Mann mit Tonfäusten
Die Sparringsrunden mit Nordamerikas Indianerhäuptling »Roter Pfeil« haben Mittelgewichts-Boxweltmeister Marcel Cerdan nichts genutzt: der »Stier aus Bronx«, Jack Lamotta, zerschlug in Detroit den 33jährigen französischen Boxer und aufgehenden Filmstern. In der neunten Runde stoppte der Ringarzt den ungleich gewordenen Kampf zugunsten von Herausforderer Lamotta.
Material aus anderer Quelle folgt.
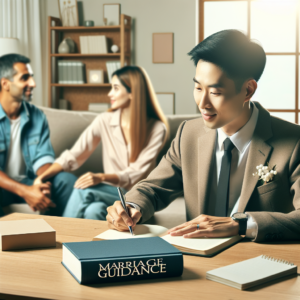 Marriage Guidance: Strengthening Your Relationship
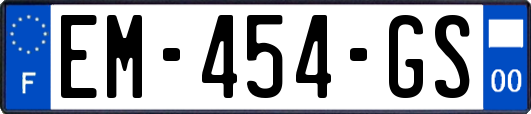 EM-454-GS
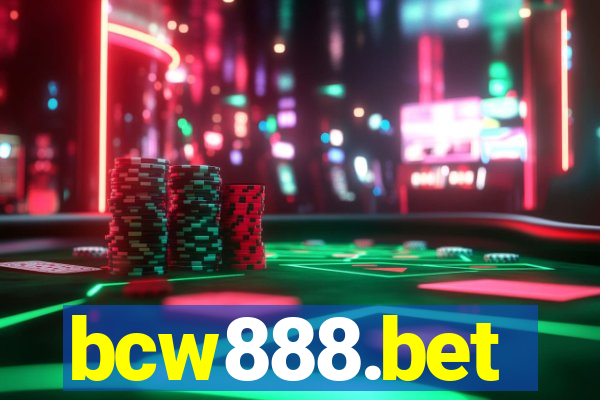 bcw888.bet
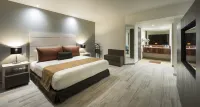 Real Inn San Luis Potosi Hotel a San Luis Potosí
Cerdans Linke war gebrochen.
Auf der Kasse lagen die ungebrochenen Fäuste der Manager. Von 19171 Dollar anteiliger Kampfbörse für Lamotta wurden dem Stier von Bronx nur 5000 ausgezahlt. Der Rest wird erst fällig, wenn er im September zum Revanchekampf gegen Cerdan antritt.
Auch Cerdan kassierte nur 5000 von seiner 51124 Dollar-Börse. Dafür konnte er sich die 25000 Dollar abholen, die ihm am 21. September 1948 nach seinem Titelsieg über Tony Zale einbehalten wurden.
Frankreichs Morgenpresse brachte die Niederlage Cerdans in schwarzen Schlagzeilen. Des entthronten Weltmeisters Frau Marinette weinte. »Ich kann es nicht glauben, man macht nur einen schlechten Scherz mit mir.«
Noch in Detroit war Hollywoods platinblonder Filmstern Mae West bei Cerdan, um ihm eine Bombenrolle anzubieten: als eifersüchtiger Liebhaber in Mae Wests neuestem Monumentalfilm »Diamanten-Lilli«. Mit Szenen in Paris und Casablanca. Denn dort ist Cerdan zu Hause.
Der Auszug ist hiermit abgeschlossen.